* [Requirement]
Would you please repeat exactly the entries below, starting at the line with "מפת הגעה אל ברוריה שושנה איפור ותסרוקות" and ending at the line with "Uniqlo Solid Ivory", and nothing outside that range? Leave out the pictures.

** Listed entries follows **

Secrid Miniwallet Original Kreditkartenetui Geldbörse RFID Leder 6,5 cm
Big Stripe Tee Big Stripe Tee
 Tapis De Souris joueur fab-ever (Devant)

** End of Listed entries **
** Listed entries follows **

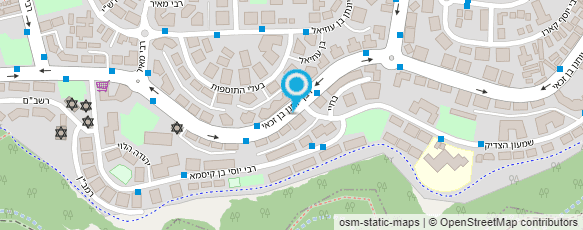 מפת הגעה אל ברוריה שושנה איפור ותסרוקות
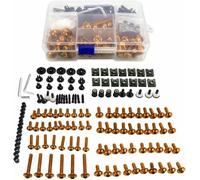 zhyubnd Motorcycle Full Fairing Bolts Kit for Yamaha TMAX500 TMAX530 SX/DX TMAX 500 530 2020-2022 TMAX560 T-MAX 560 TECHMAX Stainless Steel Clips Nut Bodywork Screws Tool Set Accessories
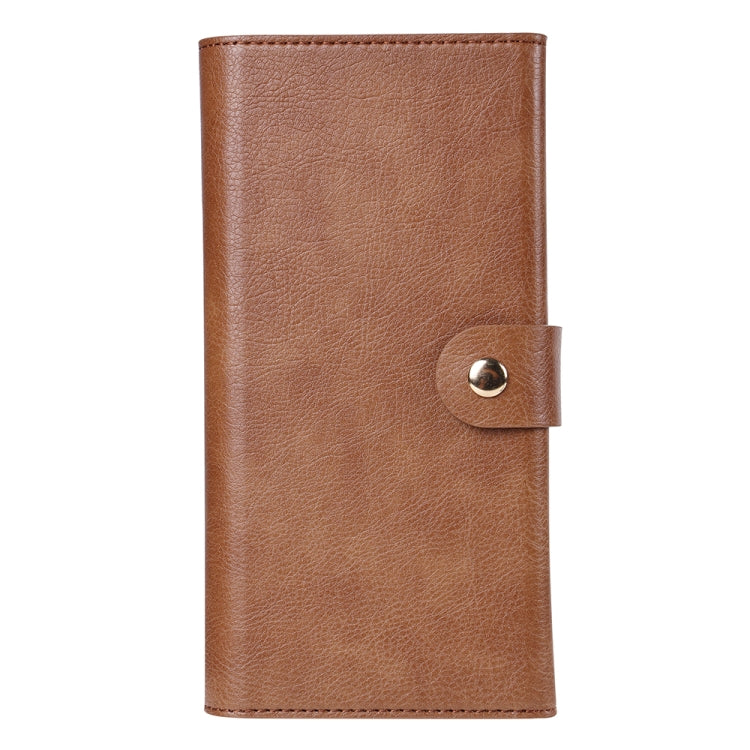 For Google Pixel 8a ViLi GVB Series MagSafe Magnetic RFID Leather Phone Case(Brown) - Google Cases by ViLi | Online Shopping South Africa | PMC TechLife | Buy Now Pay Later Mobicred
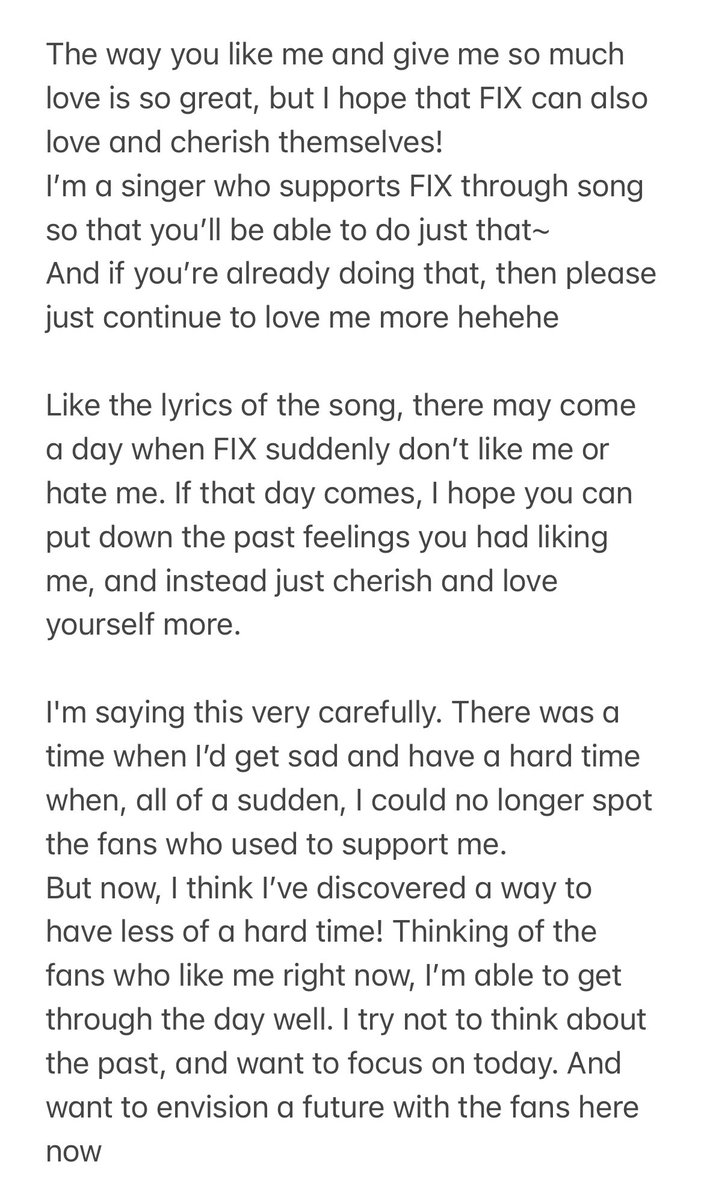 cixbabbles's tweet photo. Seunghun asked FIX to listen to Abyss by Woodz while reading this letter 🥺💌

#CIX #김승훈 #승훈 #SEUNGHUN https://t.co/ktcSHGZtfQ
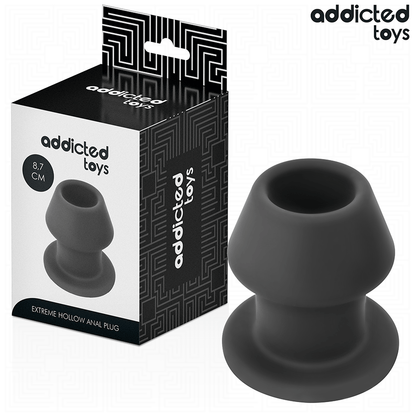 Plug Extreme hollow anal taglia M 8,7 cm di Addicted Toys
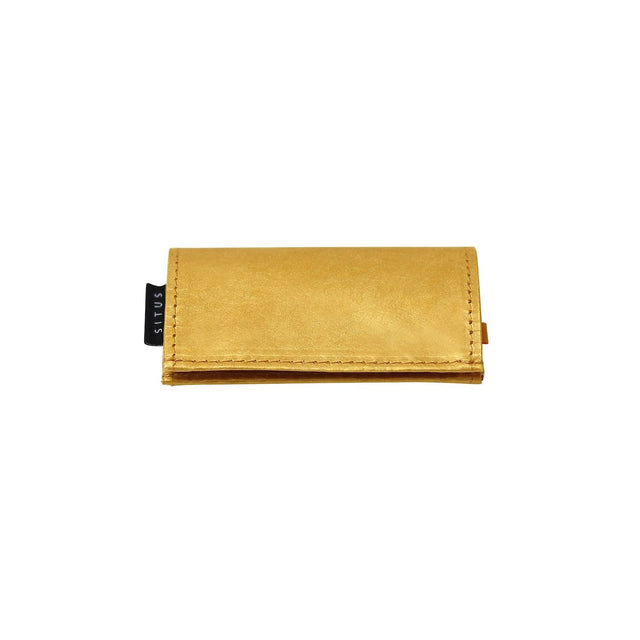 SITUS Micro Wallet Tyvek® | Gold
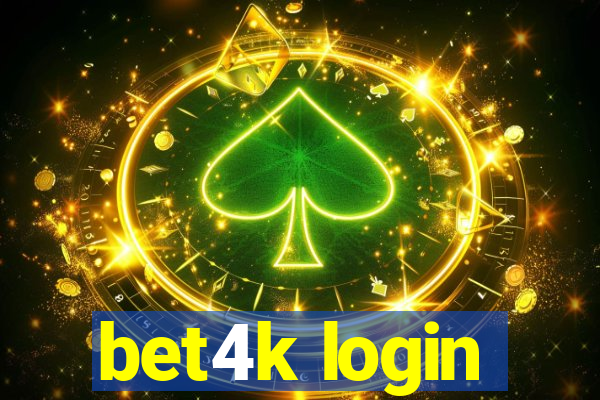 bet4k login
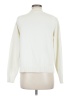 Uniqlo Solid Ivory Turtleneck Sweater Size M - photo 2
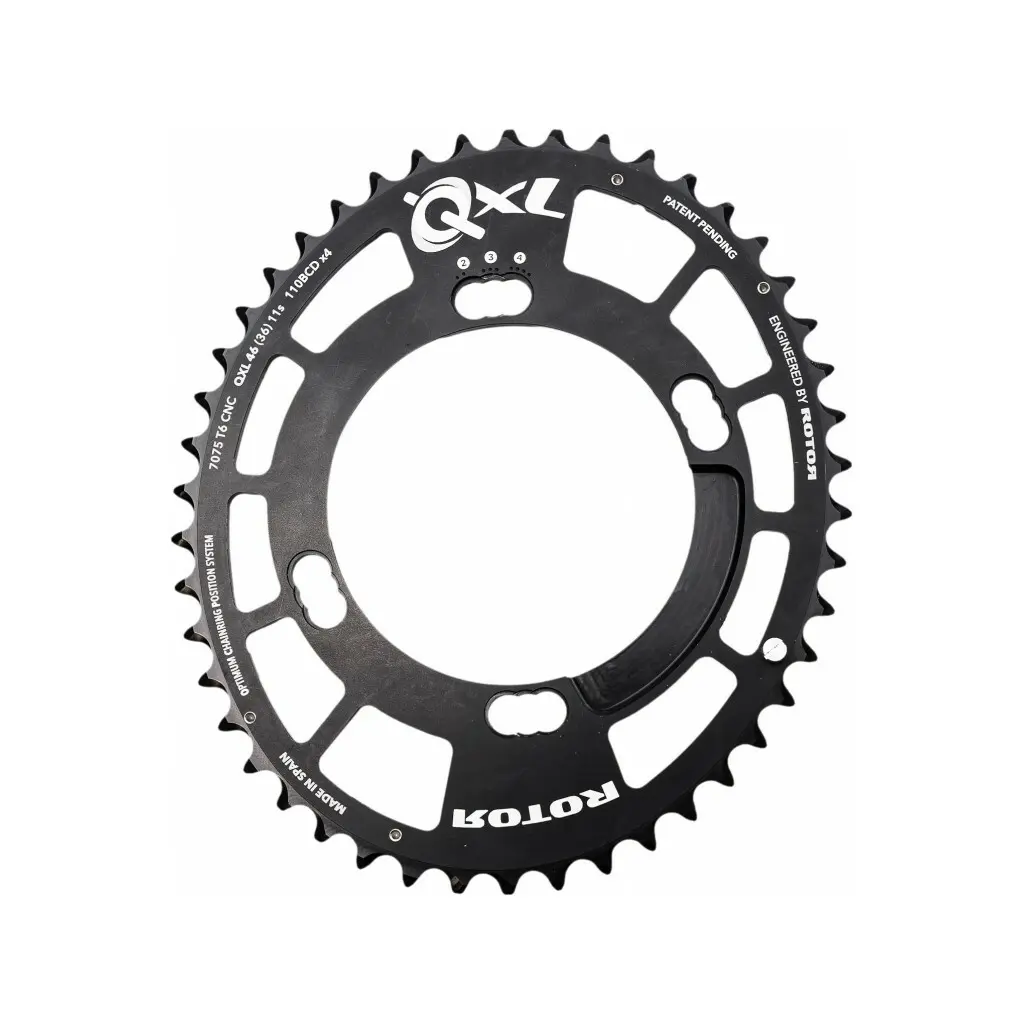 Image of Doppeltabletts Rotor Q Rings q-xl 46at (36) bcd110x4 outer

** End of Listed entries **

* [Response to the task]
 מפת הגעה אל ברוריה שושנה איפור ותסרוקות
 zhyubnd Motorcycle Full Fairing Bolts Kit for Yamaha TMAX500 TMAX530 SX/DX TMAX 500 530 2020-2022 TMAX560 T-MAX 560 TECHMAX Stainless Steel Clips Nut Bodywork Screws Tool Set Accessories
 For Google Pixel 8a ViLi GVB Series MagSafe Magnetic RFID Leather Phone Case(Brown) - Google Cases by ViLi | Online Shopping South Africa | PMC TechLife | Buy Now Pay Later Mobicred
 cixbabbles's tweet photo. Seunghun asked FIX to listen to Abyss by Woodz while reading this letter 🥺💌

#CIX #김승훈 #승훈 #SEUNGHUN https://t.co/ktcSHGZtfQ
 Plug Extreme hollow anal taglia M 8,7 cm di Addicted Toys
 SITUS Micro Wallet Tyvek® | Gold
 bet4k login
 Uniqlo Solid Ivory Turtleneck Sweater Size M - photo 2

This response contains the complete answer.